Task to complete:
Could you retype exactly the lines below between the one holding "Rare Stamps album cover" and the one holding "Fire Punch - Sayfa 16", inclusive, leaving out any pictures?

Extracted information:
☆ ☆ ☆ ☆ ☆ ☆ ☆

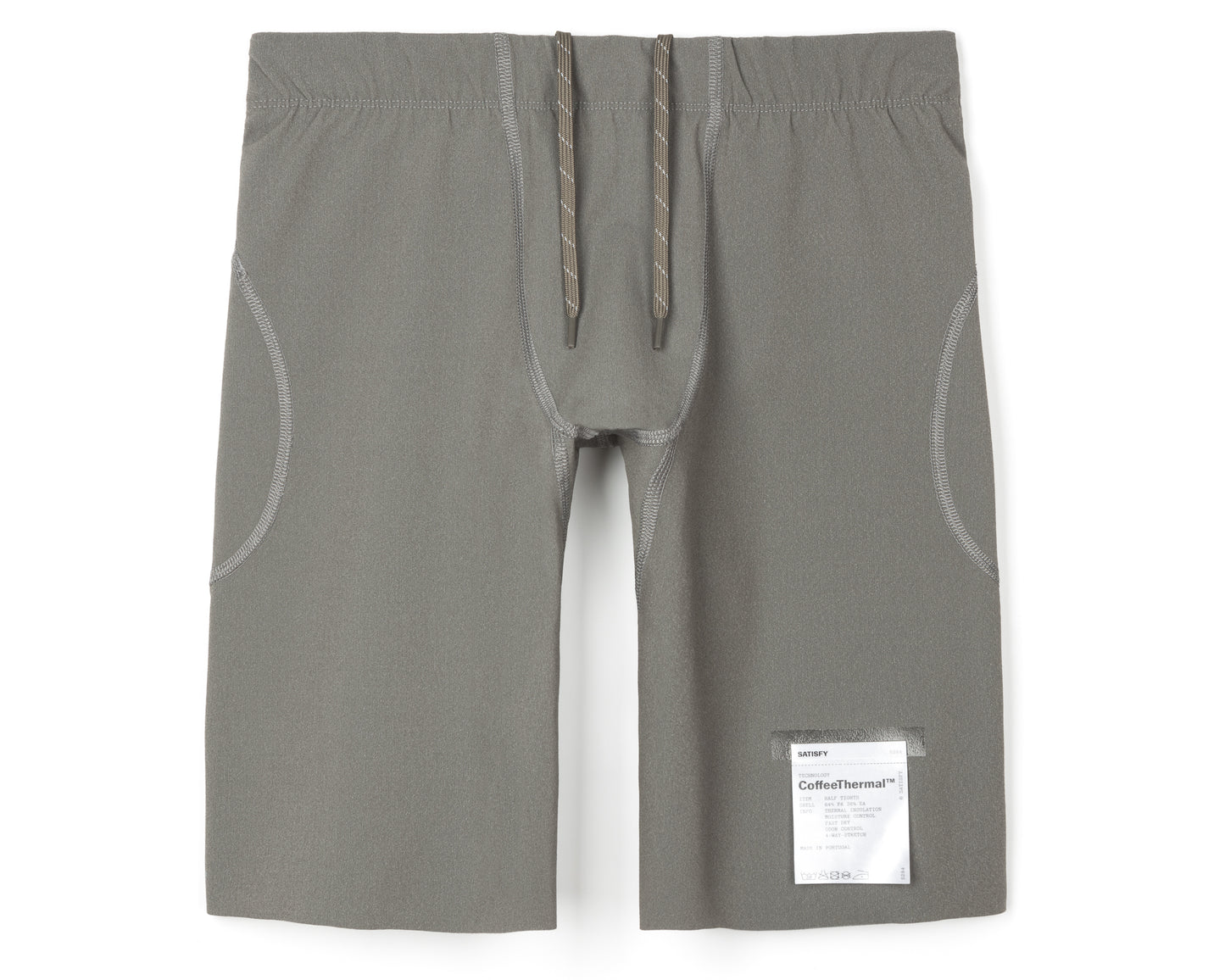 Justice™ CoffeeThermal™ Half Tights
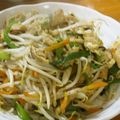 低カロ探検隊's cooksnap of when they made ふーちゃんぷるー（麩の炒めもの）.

☆ ☆ ☆ ☆ ☆ ☆ ☆

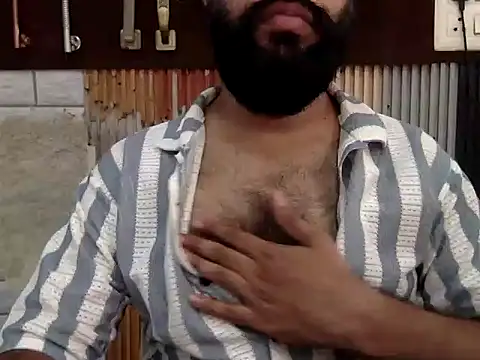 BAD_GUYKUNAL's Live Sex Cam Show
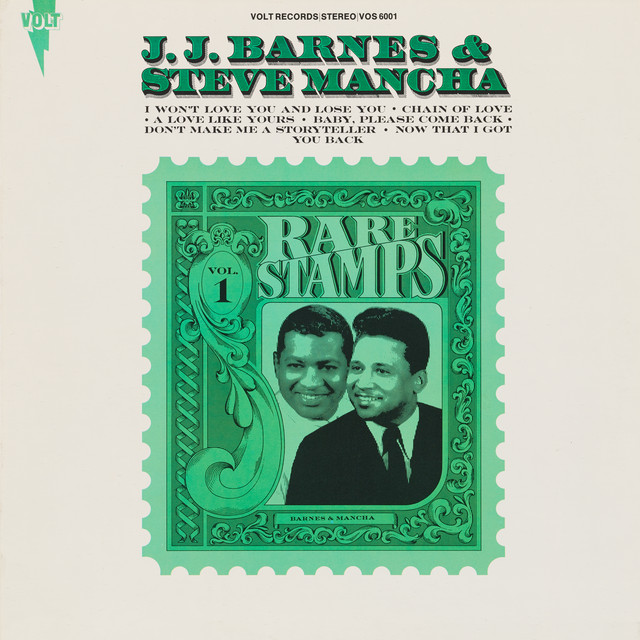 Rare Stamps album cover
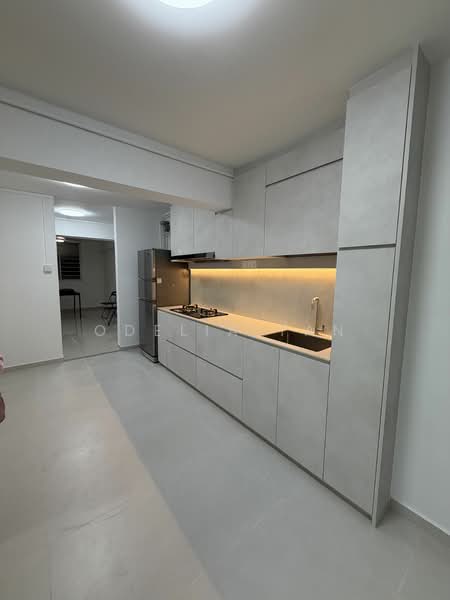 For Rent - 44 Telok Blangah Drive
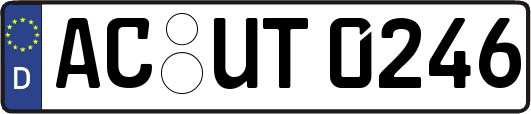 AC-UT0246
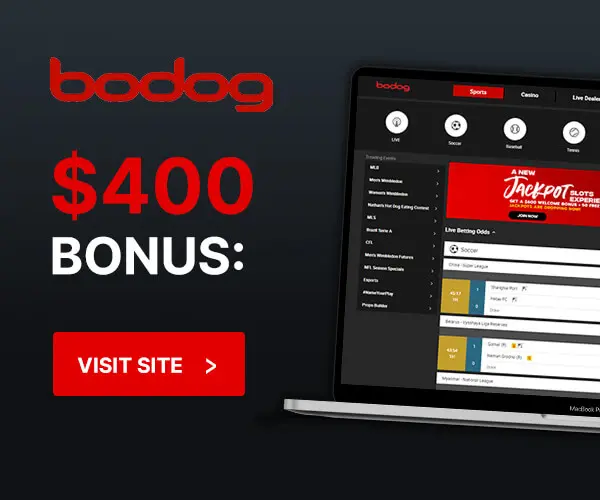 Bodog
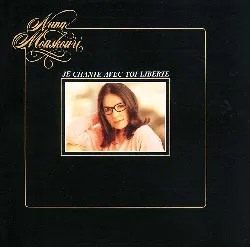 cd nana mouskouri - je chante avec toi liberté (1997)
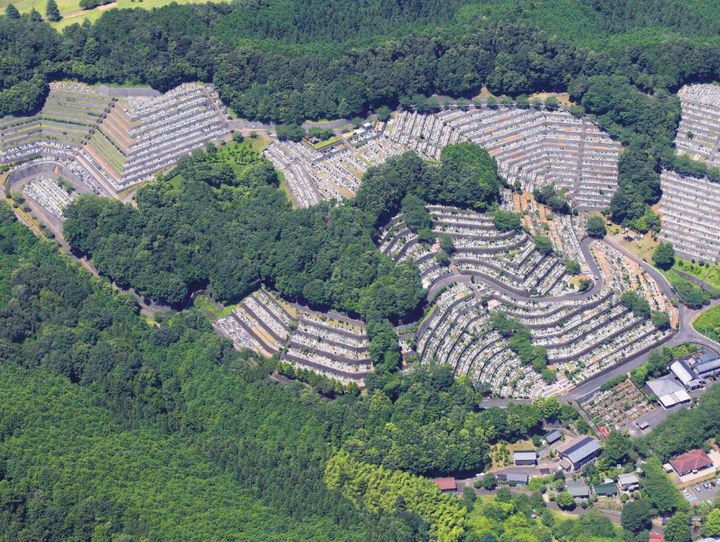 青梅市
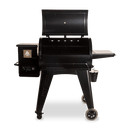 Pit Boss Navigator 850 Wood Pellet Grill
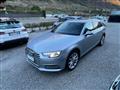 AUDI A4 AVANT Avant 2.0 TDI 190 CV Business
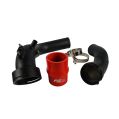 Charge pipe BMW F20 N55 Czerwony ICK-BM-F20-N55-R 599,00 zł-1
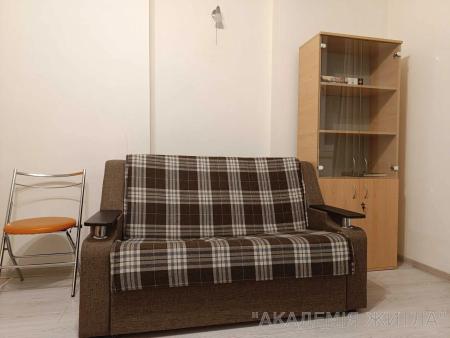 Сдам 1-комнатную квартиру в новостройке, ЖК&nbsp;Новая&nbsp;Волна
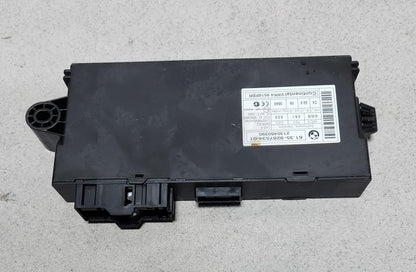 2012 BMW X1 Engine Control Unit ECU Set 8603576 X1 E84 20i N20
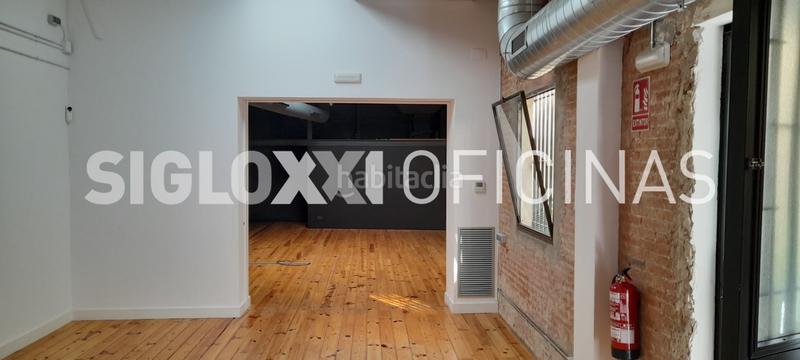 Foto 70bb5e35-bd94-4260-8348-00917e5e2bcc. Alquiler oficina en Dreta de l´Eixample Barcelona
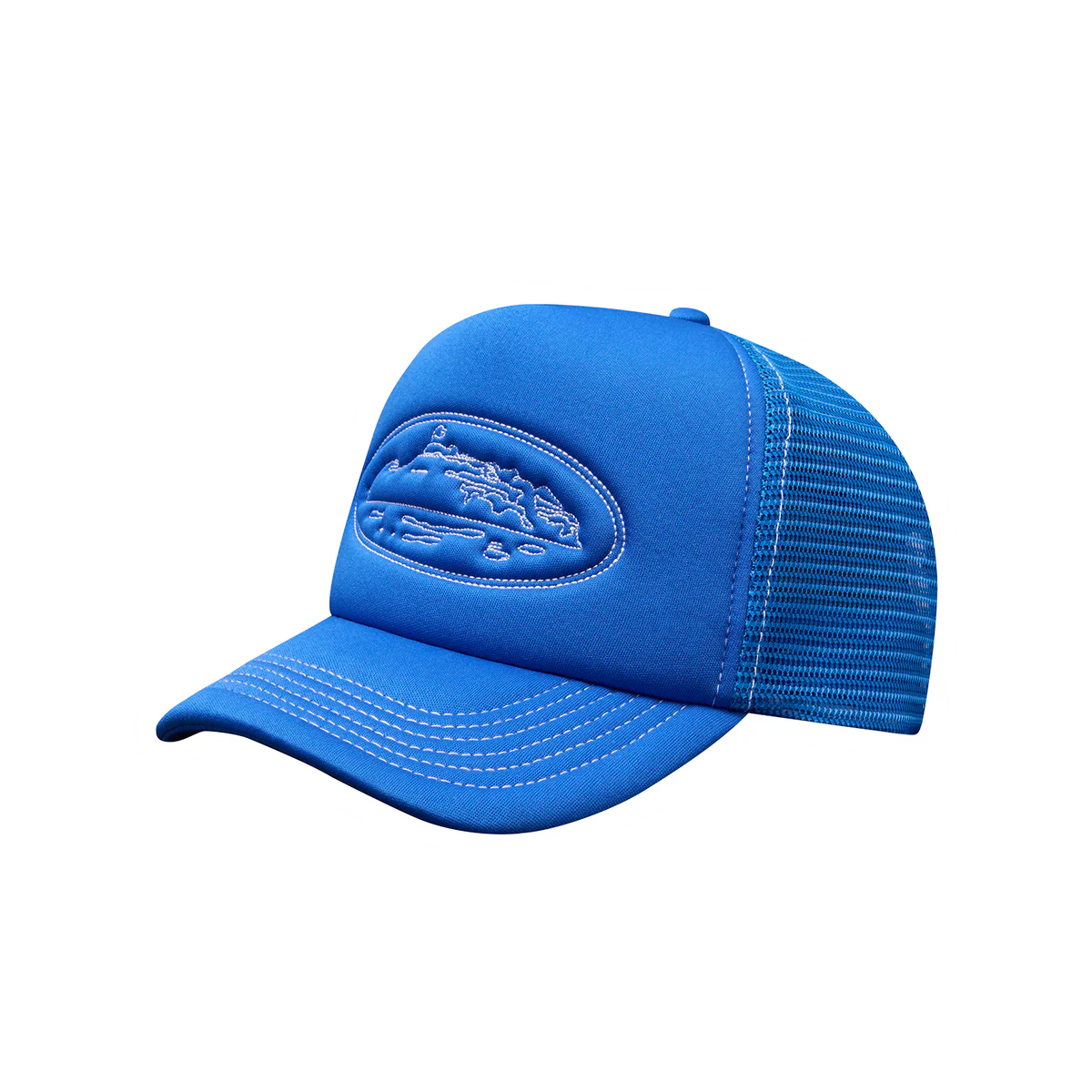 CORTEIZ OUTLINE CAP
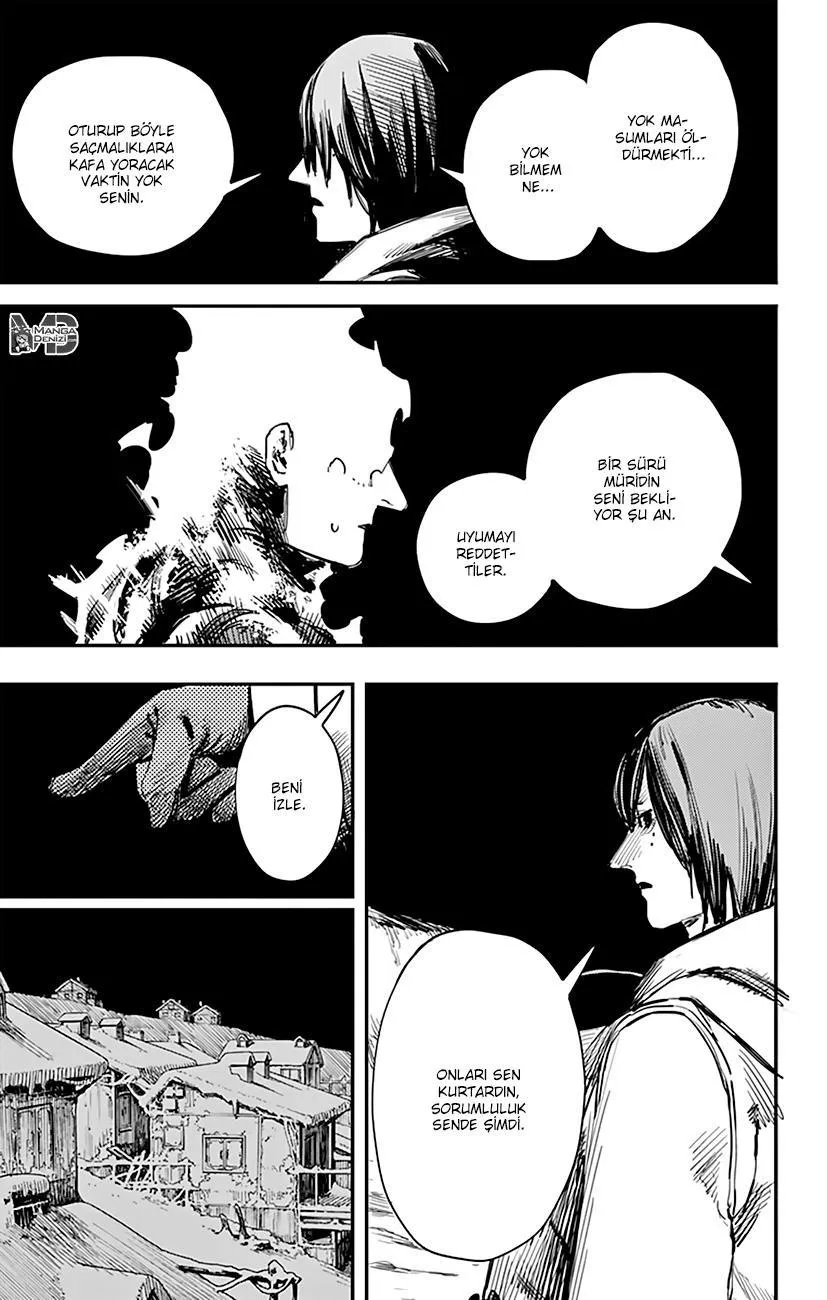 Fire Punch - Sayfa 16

☆ ☆ ☆ ☆ ☆ ☆ ☆

Completed task:
 Rare Stamps album cover
 For Rent - 44 Telok Blangah Drive
 AC-UT0246
 Bodog
 cd nana mouskouri - je chante avec toi liberté (1997)
 青梅市
 Pit Boss Navigator 850 Wood Pellet Grill
 AUDI A4 AVANT Avant 2.0 TDI 190 CV Business
 Charge pipe BMW F20 N55 Czerwony ICK-BM-F20-N55-R 599,00 zł-1
 Сдам 1-комнатную квартиру в новостройке, ЖК&nbsp;Новая&nbsp;Волна
 2012 BMW X1 Engine Control Unit ECU Set 8603576 X1 E84 20i N20
 Foto 70bb5e35-bd94-4260-8348-00917e5e2bcc. Alquiler oficina en Dreta de l´Eixample Barcelona
 CORTEIZ OUTLINE CAP
 Fire Punch - Sayfa 16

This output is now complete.